Changing some of the parameters in postgresql.conf
file may require a reload or restart of the server for the new parameter value to take effect. You will generally notice a comment beside the parameter stating that changing that parameter requires a reload or restart.
You can also find out the list of the parameters that require a server restart by executing the below query.
SELECT name FROM pg_settings WHERE context = 'postmaster';
Those, who are looking for the PostgreSQL documentation about these parameter settings, can take a look at the PostgreSQL documentation here.
Next comes the below question-
How to locate these configuration files?
Traditionally the configuration files are stored inside the database cluster’s data directory. The below command will tell you the location of the data directory.
show data_directory;
postgres=# show data_directory;
data_directory
------------------------
/var/lib/pgsql/12/data
(1 row)
postgres=#
Apart from this, there are several ways to find out the location of the configuration files directly.
You can simply run the below query on psql
prompt which will give you the file location as output.
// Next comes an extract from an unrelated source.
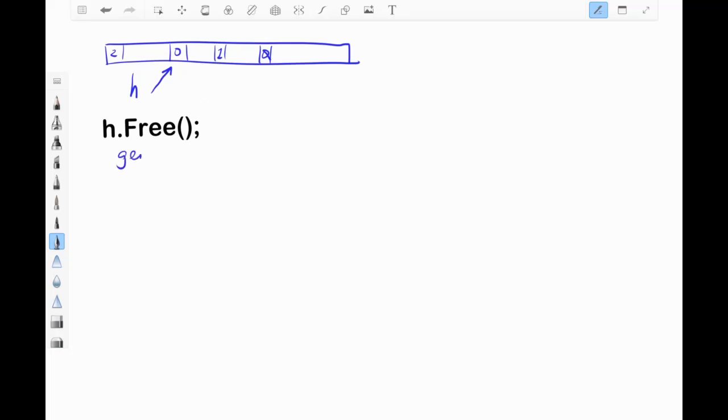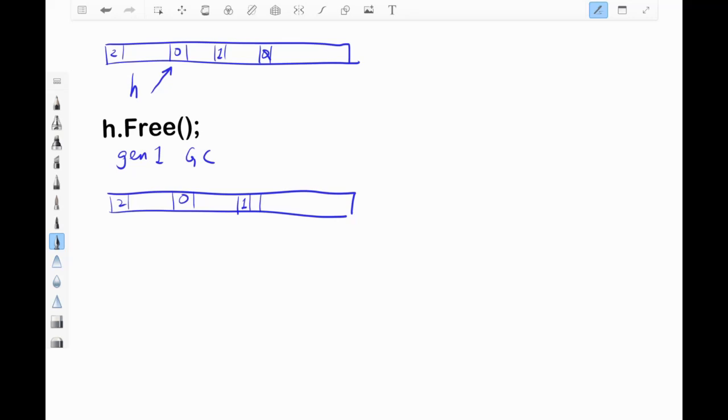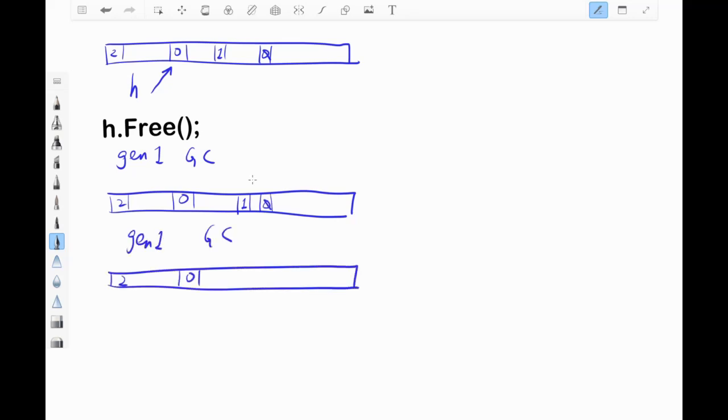Now I call free on the handle. But because a Gen 2 GC hasn't happened, it means any objects in Gen 2 are considered live by the GC because GC hasn't gone and tried to figure out if they should be live yet.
SELECT name, setting FROM pg_settings WHERE category = 'File Locations';
postgres=# SELECT name, setting FROM pg_settings WHERE category = 'File Locations';
name | setting
-------------------+----------------------------------------
config_file | /var/lib/pgsql/12/data/postgresql.conf
data_directory | /var/lib/pgsql/12/data
external_pid_file |
hba_file | /var/lib/pgsql/12/data/pg_hba.conf
ident_file | /var/lib/pgsql/12/data/pg_ident.conf
(5 rows)
postgres=#
You may also use the below command as well to find out the location:
SHOW config_file;
postgres=# SHOW config_file;
config_file
----------------------------------------
/var/lib/pgsql/12/data/postgresql.conf
(1 row)
postgres=#
SHOW hba_file;
postgres=# SHOW config_file;
config_file
----------------------------------------
/var/lib/pgsql/12/data/postgresql.conf
(1 row)
postgres=# SHOW hba_file;
hba_file
------------------------------------
/var/lib/pgsql/12/data/pg_hba.conf
(1 row)
postgres=#
- Enable Remote Connections:
PostgreSQL is generally configured to allow the root user to log in as the PostgreSQL superuser postgres
locally. With this, you can create databases, roles etc. as usual.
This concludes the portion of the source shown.